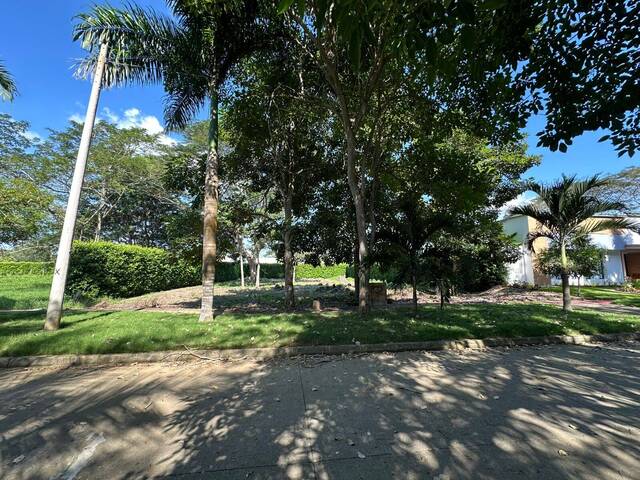 #1907 - Lotes para Venta en Montería - COR - 3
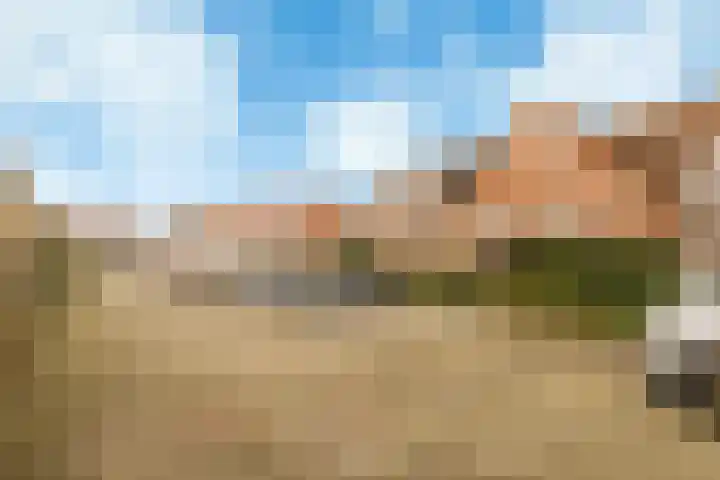 Catharina van Aragonlaan 111 Hoofddorp thumbnail 6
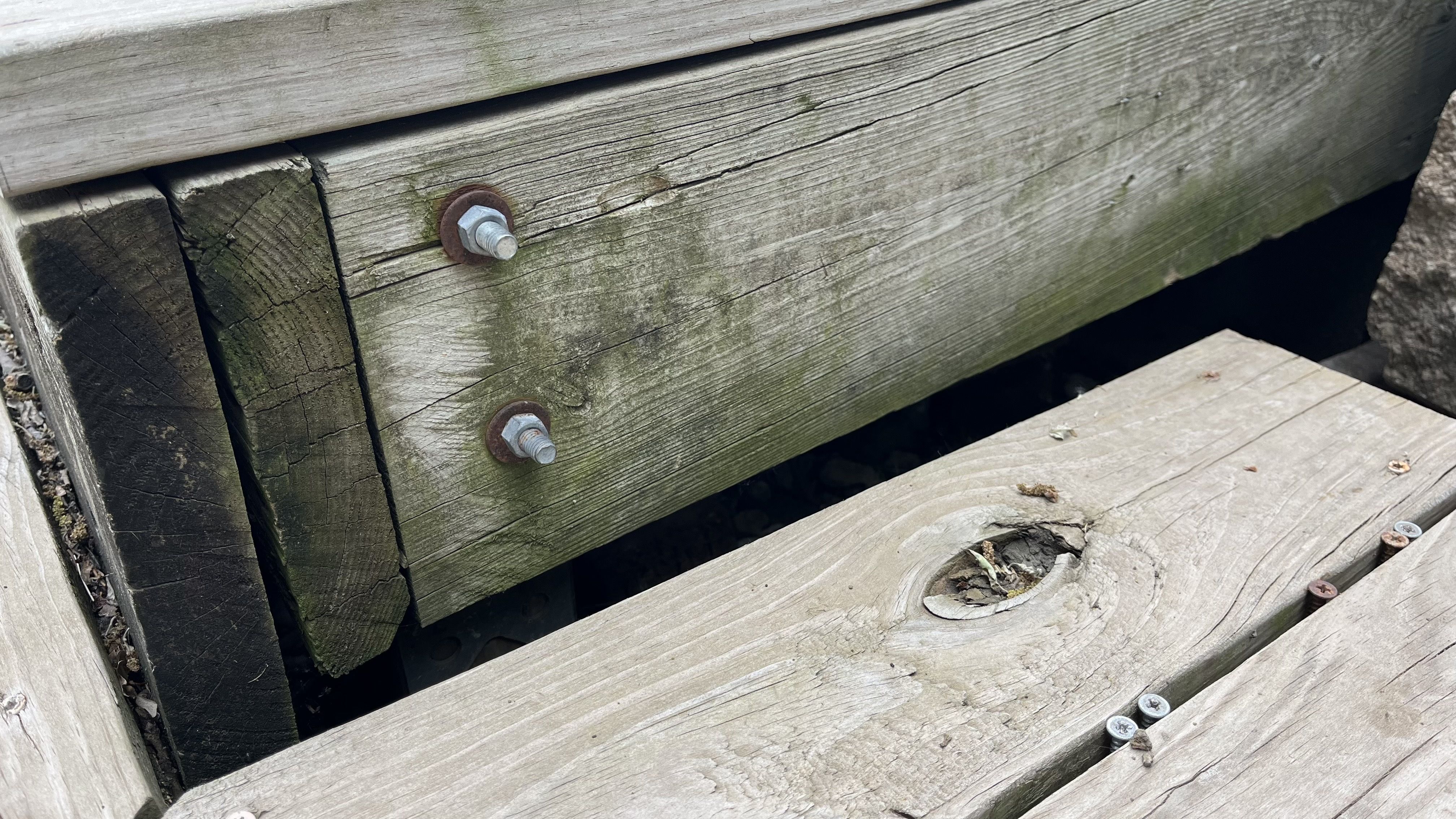 Close-up of weathered wooden deck planks with two protruding bolts and rusted washers, mossy grime along the grain, a gap between boards, and other worn boards with screws.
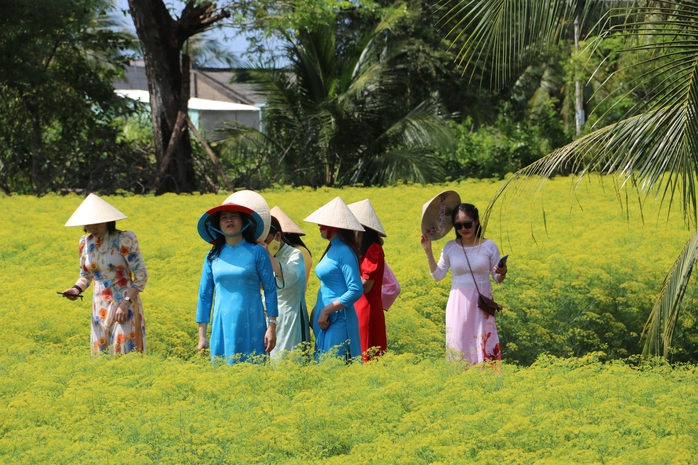 VIDEO: Du kh&aacute;ch đổ x&ocirc; ngắm những c&aacute;nh đồng hoa &ldquo;lạ&rdquo; ở C&agrave; Mau - Ảnh 8.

__To do__: Leave the pictures out and return the rest of the material exactly.

__Solution to this exercise__:
 #1907 - Lotes para Venta en Montería - COR - 3
 Catharina van Aragonlaan 111 Hoofddorp thumbnail 6
 Close-up of weathered wooden deck planks with two protruding bolts and rusted washers, mossy grime along the grain, a gap between boards, and other worn boards with screws.
 VIDEO: Du kh&aacute;ch đổ x&ocirc; ngắm những c&aacute;nh đồng hoa &ldquo;lạ&rdquo; ở C&agrave; Mau - Ảnh 8.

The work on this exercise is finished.